While this may be handy for removing HTML from a string, be forewarned that the function is a lot less picky than you may think when it comes to the less than symbol ( < ). First, the section from the PHP book:


strip_tags($string [, allowed_tags])

allowed_tags – [optional] $string

Remove HTML tags and comments from $string. If specific tags should be
excluded, they can be specified inside allowed_tags.

Examples:
$string = "<p>This is a paragraph. </p><strong>Yay!</strong>";
echo strip_tags($string), strip_tags($string, '<p>');

HTML Source Code:

This is a paragraph. Yay! <p>This is a paragraph. </p>Yay!


So what happens to the following example, when we want to remove all the tags?
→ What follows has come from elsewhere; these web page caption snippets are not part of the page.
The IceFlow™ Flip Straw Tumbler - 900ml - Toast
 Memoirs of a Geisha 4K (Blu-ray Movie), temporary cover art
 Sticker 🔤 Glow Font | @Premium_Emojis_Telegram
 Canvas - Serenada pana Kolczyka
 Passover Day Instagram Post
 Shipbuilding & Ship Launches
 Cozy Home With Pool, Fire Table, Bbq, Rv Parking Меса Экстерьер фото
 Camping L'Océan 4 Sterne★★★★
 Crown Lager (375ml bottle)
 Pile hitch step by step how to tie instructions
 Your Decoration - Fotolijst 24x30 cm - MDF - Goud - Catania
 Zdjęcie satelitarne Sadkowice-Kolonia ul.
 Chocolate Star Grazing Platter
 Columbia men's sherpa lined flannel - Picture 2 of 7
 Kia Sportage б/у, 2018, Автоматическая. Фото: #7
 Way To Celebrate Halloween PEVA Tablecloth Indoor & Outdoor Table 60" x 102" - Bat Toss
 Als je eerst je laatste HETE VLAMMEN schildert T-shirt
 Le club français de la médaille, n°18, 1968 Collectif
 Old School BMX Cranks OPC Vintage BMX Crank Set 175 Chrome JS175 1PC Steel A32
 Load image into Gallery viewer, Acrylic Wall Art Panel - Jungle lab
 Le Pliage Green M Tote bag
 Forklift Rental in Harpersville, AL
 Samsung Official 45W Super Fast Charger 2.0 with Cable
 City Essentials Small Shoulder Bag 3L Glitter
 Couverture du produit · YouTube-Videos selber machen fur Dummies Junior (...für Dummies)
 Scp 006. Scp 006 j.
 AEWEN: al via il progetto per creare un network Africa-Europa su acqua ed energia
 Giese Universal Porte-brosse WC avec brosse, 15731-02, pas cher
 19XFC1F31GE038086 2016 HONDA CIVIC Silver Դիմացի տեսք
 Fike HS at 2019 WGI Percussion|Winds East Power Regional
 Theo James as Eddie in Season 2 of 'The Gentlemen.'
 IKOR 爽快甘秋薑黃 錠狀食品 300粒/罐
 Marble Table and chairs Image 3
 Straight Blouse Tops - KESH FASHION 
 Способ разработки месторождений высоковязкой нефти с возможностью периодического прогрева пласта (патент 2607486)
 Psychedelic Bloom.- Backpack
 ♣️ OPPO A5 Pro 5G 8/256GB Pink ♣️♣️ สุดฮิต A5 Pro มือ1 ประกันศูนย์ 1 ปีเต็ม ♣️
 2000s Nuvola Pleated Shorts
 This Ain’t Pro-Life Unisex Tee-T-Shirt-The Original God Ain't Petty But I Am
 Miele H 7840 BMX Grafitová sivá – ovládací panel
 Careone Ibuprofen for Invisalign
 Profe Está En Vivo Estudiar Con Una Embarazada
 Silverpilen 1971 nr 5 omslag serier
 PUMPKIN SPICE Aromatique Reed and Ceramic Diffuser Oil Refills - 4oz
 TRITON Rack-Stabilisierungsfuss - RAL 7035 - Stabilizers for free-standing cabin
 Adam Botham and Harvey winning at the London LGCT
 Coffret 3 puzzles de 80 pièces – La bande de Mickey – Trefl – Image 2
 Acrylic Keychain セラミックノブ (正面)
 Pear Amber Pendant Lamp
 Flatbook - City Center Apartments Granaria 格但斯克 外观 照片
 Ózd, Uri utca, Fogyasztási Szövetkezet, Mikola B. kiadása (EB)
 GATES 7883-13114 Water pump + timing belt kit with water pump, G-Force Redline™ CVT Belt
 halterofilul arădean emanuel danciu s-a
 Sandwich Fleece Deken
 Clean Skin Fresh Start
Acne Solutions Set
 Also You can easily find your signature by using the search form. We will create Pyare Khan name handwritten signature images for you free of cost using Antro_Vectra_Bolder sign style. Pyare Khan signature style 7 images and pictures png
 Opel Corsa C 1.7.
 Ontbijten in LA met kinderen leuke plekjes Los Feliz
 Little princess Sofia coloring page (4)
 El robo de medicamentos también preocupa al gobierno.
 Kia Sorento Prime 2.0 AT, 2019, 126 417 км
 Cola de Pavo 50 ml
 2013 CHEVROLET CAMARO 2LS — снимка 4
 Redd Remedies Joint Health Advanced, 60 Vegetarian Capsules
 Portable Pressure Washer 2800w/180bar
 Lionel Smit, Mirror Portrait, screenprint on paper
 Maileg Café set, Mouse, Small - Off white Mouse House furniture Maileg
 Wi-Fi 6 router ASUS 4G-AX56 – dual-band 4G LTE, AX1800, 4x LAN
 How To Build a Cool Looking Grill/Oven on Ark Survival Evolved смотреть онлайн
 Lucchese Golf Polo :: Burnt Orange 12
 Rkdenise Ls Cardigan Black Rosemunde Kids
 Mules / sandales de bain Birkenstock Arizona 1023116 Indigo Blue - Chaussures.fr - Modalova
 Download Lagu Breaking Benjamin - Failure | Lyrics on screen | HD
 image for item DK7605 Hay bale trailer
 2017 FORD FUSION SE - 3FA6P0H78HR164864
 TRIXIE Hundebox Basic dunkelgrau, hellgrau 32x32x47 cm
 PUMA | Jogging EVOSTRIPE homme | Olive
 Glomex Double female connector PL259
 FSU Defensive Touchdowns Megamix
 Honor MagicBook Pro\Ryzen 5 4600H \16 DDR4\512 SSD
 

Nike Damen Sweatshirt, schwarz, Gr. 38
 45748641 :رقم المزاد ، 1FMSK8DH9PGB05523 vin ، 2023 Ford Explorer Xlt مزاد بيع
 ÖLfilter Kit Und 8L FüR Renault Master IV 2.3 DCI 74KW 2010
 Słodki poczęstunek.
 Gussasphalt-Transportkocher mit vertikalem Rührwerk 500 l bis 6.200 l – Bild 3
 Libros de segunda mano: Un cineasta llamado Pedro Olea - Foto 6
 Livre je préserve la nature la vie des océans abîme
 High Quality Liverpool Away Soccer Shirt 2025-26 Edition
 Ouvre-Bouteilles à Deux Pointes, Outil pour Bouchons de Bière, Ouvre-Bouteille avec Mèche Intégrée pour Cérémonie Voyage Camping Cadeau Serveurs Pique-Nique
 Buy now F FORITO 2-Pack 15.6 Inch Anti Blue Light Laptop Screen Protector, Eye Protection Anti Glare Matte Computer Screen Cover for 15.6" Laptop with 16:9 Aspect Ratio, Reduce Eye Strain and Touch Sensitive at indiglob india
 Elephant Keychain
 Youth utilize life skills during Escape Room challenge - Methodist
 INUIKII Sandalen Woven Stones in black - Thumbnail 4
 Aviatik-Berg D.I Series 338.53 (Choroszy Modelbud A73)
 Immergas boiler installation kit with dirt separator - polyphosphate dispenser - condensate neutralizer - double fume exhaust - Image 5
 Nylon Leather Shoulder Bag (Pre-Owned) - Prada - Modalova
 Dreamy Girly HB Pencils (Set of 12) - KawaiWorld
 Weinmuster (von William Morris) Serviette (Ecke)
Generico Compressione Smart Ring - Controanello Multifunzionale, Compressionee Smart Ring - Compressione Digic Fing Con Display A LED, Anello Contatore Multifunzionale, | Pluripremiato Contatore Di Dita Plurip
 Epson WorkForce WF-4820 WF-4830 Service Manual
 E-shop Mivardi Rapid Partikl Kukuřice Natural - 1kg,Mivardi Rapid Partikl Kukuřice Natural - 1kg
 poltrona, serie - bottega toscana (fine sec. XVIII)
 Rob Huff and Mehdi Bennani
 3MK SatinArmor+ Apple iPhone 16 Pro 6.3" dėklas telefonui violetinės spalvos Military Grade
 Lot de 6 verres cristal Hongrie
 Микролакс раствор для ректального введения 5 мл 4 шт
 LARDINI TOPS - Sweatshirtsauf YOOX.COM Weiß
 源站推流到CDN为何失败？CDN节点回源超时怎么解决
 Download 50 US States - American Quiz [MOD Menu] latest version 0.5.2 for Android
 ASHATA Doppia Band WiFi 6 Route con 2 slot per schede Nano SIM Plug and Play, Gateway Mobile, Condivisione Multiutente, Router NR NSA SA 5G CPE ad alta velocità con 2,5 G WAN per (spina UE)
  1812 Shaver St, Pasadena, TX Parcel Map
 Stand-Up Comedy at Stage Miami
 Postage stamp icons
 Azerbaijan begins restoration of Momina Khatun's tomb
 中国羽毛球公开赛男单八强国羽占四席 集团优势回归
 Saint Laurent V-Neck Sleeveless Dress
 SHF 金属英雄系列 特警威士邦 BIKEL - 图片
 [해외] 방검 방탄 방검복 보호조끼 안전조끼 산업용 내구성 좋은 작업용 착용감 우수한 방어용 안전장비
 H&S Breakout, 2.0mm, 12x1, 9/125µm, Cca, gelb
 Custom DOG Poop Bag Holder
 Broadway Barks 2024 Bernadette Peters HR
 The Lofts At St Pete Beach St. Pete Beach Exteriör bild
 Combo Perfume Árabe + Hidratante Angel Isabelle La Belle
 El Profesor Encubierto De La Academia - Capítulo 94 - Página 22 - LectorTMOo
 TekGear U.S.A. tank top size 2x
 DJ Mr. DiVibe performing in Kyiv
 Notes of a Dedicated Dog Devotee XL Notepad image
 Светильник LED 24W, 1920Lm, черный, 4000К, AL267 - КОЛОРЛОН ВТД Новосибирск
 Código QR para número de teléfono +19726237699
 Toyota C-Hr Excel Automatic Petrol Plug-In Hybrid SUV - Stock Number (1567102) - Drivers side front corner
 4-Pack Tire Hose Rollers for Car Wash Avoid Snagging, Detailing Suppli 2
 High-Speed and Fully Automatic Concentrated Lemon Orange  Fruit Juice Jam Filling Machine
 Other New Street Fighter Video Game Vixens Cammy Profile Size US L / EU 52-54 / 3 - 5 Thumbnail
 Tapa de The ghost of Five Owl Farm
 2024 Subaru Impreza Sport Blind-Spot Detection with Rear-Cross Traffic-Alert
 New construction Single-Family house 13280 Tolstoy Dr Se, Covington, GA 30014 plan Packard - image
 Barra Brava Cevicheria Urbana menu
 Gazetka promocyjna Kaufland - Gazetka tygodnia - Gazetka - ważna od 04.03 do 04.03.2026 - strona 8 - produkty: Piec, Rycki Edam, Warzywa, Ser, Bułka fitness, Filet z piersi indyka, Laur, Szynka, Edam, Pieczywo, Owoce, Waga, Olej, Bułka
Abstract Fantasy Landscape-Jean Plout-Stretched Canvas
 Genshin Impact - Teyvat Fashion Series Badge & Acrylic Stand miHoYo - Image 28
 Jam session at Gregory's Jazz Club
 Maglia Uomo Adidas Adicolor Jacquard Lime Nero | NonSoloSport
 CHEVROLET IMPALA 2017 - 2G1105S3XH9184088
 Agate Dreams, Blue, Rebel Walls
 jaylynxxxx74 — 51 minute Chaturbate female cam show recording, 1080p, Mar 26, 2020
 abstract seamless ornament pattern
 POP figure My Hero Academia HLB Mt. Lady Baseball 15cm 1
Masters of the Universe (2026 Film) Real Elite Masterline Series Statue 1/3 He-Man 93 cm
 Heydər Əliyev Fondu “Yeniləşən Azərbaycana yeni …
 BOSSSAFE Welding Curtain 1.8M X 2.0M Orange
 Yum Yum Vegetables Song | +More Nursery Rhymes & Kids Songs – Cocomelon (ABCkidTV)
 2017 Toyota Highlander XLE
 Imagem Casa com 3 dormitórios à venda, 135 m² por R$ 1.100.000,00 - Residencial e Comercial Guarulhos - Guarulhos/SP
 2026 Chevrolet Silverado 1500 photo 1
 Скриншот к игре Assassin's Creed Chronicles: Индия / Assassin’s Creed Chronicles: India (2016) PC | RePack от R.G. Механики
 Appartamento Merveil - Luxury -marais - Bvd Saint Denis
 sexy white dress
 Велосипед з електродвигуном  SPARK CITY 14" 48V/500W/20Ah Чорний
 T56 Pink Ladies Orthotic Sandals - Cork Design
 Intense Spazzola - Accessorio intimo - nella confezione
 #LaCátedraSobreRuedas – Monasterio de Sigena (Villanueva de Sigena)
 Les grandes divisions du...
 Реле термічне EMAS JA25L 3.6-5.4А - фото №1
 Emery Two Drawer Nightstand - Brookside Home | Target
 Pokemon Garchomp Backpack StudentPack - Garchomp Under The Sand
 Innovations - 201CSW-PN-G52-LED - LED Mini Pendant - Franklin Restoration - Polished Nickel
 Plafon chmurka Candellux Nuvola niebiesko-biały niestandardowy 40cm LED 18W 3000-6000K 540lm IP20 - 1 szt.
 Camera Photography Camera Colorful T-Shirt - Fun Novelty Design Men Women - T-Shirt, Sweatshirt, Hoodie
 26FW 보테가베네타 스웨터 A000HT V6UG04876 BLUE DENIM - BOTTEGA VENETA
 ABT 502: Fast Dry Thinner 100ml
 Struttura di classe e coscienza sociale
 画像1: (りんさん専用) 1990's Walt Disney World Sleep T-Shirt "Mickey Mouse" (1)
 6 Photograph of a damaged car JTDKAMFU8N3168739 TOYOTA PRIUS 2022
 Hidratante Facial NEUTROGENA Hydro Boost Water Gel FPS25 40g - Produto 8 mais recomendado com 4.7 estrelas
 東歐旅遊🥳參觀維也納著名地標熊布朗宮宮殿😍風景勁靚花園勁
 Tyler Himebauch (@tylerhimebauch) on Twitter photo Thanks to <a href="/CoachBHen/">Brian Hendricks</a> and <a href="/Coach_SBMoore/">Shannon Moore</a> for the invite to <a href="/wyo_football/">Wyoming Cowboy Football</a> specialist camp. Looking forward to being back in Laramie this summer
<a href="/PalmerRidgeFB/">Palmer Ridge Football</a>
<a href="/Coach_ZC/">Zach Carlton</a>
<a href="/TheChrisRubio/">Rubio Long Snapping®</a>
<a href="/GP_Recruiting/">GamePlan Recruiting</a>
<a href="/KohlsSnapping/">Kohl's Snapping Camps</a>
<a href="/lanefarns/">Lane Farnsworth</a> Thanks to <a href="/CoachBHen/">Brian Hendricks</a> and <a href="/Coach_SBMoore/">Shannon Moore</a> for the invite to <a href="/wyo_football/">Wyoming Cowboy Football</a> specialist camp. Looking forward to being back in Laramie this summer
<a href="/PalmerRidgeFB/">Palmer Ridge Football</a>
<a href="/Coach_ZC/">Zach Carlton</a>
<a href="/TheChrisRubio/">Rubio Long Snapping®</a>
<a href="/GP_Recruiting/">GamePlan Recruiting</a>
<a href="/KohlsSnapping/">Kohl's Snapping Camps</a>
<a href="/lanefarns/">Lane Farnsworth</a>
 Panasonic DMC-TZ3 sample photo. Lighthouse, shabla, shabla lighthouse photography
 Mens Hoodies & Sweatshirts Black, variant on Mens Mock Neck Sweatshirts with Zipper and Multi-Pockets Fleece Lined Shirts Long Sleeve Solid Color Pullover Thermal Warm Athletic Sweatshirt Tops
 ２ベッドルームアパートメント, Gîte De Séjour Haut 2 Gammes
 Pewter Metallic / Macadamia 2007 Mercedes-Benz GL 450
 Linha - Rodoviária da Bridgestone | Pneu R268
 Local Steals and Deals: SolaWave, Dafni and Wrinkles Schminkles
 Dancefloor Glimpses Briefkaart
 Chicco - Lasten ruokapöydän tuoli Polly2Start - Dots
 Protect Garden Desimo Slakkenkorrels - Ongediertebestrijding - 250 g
Fair warning, something strange happens:

$string = "I <strong>love</strong> this book because it costs <$20.";
echo strip_tags($string);

HTML Source Code:

I love this book because it costs

As you can see, it removed the <$20 portion of the string as well, even without the closing greater than ( > ) tag at the end. Be careful when using strip_tags(), especially without specifying the allowed tags, or consider using an alternate such as htmlspecialchars() to encode the characters into their html equivalent rather than removing them.

Display all PHP Errors and Warnings

Every time I was debugging my pages I found myself searching around for this little chunk of code to display PHP errors. So, I put in the book so it was always nearby. Since people still search google endlessly, I thought I would provide it here as well. If you wish to see all the PHP errors and warnings in your script, include the following bit of code:

error_reporting(E_ALL);
ini_set('display_errors', '1');

Now, continue to beat your head against your keyboard while you continue to hunt down your missing semicolon or closing parenthesis.

Formatting Characters

We’ve all seen them:

  • \n – new line
  • \r – carriage return
  • \t – tab
  • \b – backspace

But many wonder when to use them or more specifically, why they aren’t working as expected. So let’s address the basic usage and rules.

Rule #1: When using a formatting character in your code, it must be within “double quotations” otherwise it will be taken as a literal backslash and letter.

When do you use it? When writing to a file with fwrite() or file_put_contents(), sending a text email with mail(), or when adding formatting to pre-populated data in the form element <textarea>. Now, notice I made no mention of HTML output directly. While it’s possible to represent new line, tab, carriage return in HTML if it is within the preformatted tags <pre></pre>, in most cases these tags are not present and HTML will ignore these formatting characters.

Rule #2: Not all computer systems obey the formatting characters the same. When using \n (new line), also include a carriage return (\r) character.

So what do you do if you have a paragraph, for instance submitted by a <textarea> form, that is preformatted and want it to display in the HTML with the \n (new line) breaks represented? That’s when you toss the string into the function nl2br(), which changes all \n to the xhtml line break <br />.

Example:

echo nl2br("Hello\n\rWorld\n\r!!!");

Results:

Hello
World
!!!